The Renewable Heat Incentive is applicable to boilers within the woodworking industry.
The permit flow chart explains what permits may be required by the local authority. Some of them may be in place, so will require a substantial change being registered with the regulator.
The bands that the RHI has are small biomass boilers (less than 200kW) medium Biomass boilers (200-1000kW) and large (over 1000kW).
The scheme is administered by OFGEM on behalf of DECC and the government. I have assumed at this stage that you will be looking at a boiler in the medium size range.

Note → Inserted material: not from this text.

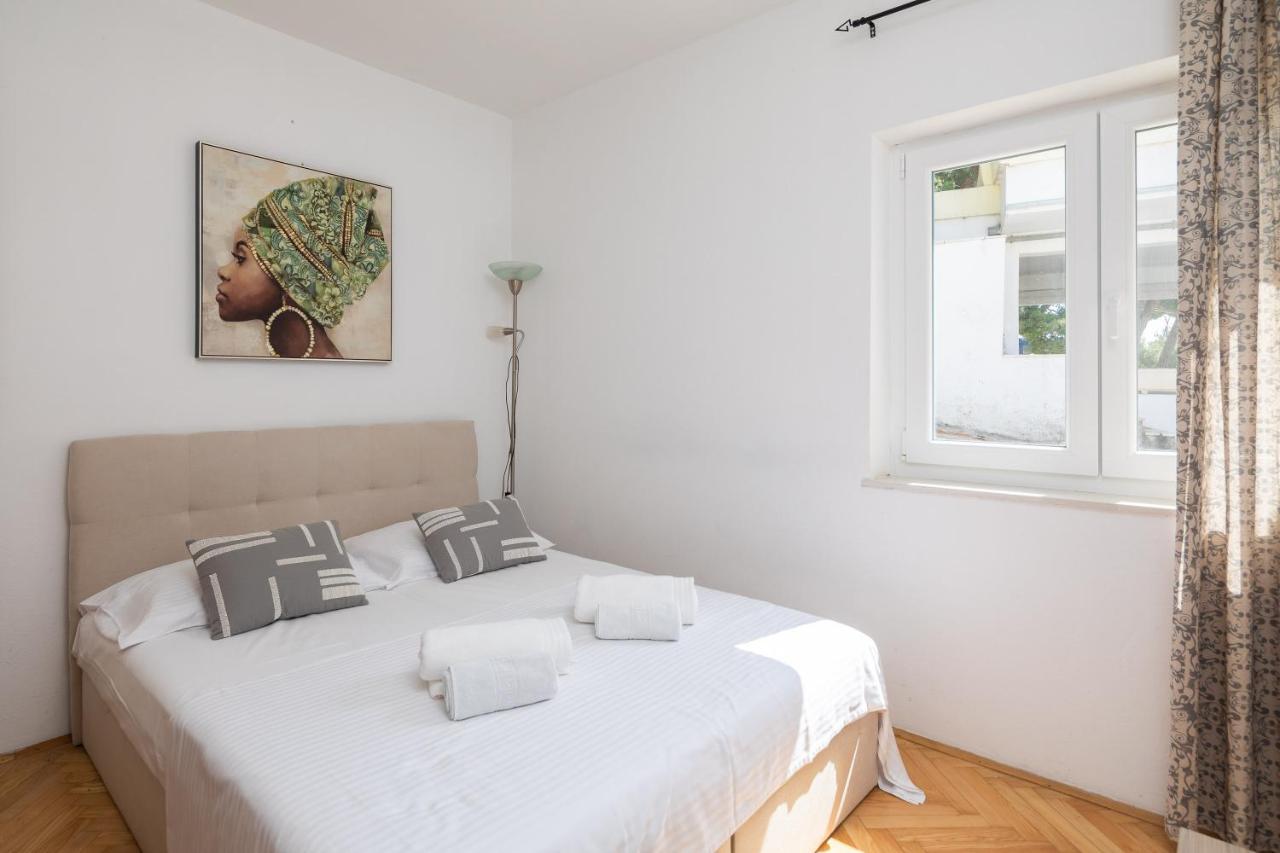 Boja Nel Blu Apartment Stanici Ngoại thất bức ảnh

In simple terms the government pays a tariff to the owner of the equipment at an agreed rate per kW/hour for a period of 20 years from accreditation. This payment is index linked and rises each April in line with inflation. The current tier 1 tariff is 5.24p per kW/hour, for this size of boiler – medium biomass <1000kW.
The payment is divided into two tiers; the tier 1 units on a medium size boiler of say 980kW are calculated as a function of the rated output of the boiler, in this example 980kW. To calculate the tier 1 units is 980kW x 1314 = 1,287,720kW/hours.
Any units over this amount generated are paid at tier 2, currently 2.27p per kW/hour. If all of the tier 1 units are utilised then an income of £67,476.52 per year would be derived for a period of 20 years, index linked. The nett yield on woodwaste is 3200kW hours per tonne. If we look at 15 tonnes per week and working 50 weeks of the year then the nett energy to be produced would be 15 x 50 x 3200 = 2,4000,000kW hours.
If we assume you can have an eligible use for all of these units then you will have 1,112,280 at tier 2 = £30,031.56. Add this to the tier 1 units and you have a potential RHI income of circa £97,000 per 12 month period from the fuel available.
The payments made under the scheme are derived from the installation of a Class 2 heat meter or meters, as defined by OFGEM. The independent metering consultant will require additional heat meters to be fitted, for example on a conventional fuelled boiler (fossil fuel boiler) dissipater or other ineligible use.
The scheme is open to all business users subject to the rules laid down by European law with regards to De-Minimis state aid. There are other restrictions in cases where the business has received a separate grant under another scheme. As an example the RHI cannot be claimed as well as Enhanced Capital Allowance (ECA).
If you are going to use your own fuel you will need to register as a self-supplier on the BSL (Biomass Suppliers List). To register on the BSL you will need to show that you have a permit or an exemption from the EA (see permit flow chart). If supplying your own fuel you will have to demonstrate that 90% of what you burn is biomass (the glues and resins used are defined as fossil fuel derived contamination and must be less than 10% by energy content).
You may already have a permit under the guidance note PGN 602 for your timber manufacturing process. If you fall below the limits for PGN 602 then you will need a SWIP permit to show that you are registered to burn your waste.
If the boiler is capable of burning more than 90kg per hour then you will be permitted as a SWIP but will have to meet the emission limits as laid down in the guidance note PG1/12 (13).
The application for BSL and part B permits can take several months to process as can planning permission for the chimney and associated equipment. Chimney height approval from Environmental Health is also required, and will often be a condition of planning being granted.
Applicants for the RHI cannot submit an application until a BSL number has been issued.